The brooch is a large disc made of hammered sheet silver inlaid with black niello and with a diameter of. Its centre roundel is decorated with personifications of the five senses. In the centre is Sight with large staring oval eyes, surrounded by the other four senses, each in his own compartment. Taste has a hand in his mouth. Smell's hands are behind his back, and he stands between two tall plants. Touch rubs his hands together. Hearing holds his hand to his ear. This is the earliest known representation of the five senses. The outer border consists of 16 small medallions decorated with human, bird, animal and plant motifs.

Style and materials

Stylistically it is "in a very late version of the Trewhiddle style". After the discovery of the Strickland Brooch, one of the closest parallels to the Fuller Brooch, also 9th century and in the British Museum, additional research determined that the niello used in the Fuller Brooch was mainly silver sulphide, a type that went out of use later in the medieval period, in itself an argument against it being a modern forgery.

History of ownership

The brooch has survived in excellent condition, although the pin and its attachments have been removed, and the top of the brooch has been perforated for suspension, and it may be the only surviving piece of secular Anglo-Saxon metalwork to remain unburied since its creation.
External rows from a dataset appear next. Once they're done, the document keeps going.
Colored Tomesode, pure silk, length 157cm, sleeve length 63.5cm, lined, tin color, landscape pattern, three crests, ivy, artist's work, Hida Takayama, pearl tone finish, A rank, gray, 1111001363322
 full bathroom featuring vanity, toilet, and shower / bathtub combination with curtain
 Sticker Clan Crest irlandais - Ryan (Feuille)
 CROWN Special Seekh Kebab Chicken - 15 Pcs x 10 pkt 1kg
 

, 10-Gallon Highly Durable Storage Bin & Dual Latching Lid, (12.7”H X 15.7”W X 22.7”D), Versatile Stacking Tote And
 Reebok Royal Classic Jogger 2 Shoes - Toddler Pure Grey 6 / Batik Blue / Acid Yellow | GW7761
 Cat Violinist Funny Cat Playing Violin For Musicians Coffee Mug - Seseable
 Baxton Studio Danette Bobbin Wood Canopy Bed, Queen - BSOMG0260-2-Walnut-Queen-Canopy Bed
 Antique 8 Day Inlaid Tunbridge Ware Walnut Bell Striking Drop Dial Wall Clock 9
It was thought to be a fake by Sir Charles Hercules Read, Keeper of British and Medieval Antiquities of the British Museum, because of its excellent condition. He advised the Ashmolean Museum in Oxford which had been lent the brooch, to take it off display. It was then bought by Captain A. W. F. Fuller for the price of the silver. In 1952 Capt. Fuller donated the brooch to the British Museum on the condition that it henceforth be called the Fuller Brooch.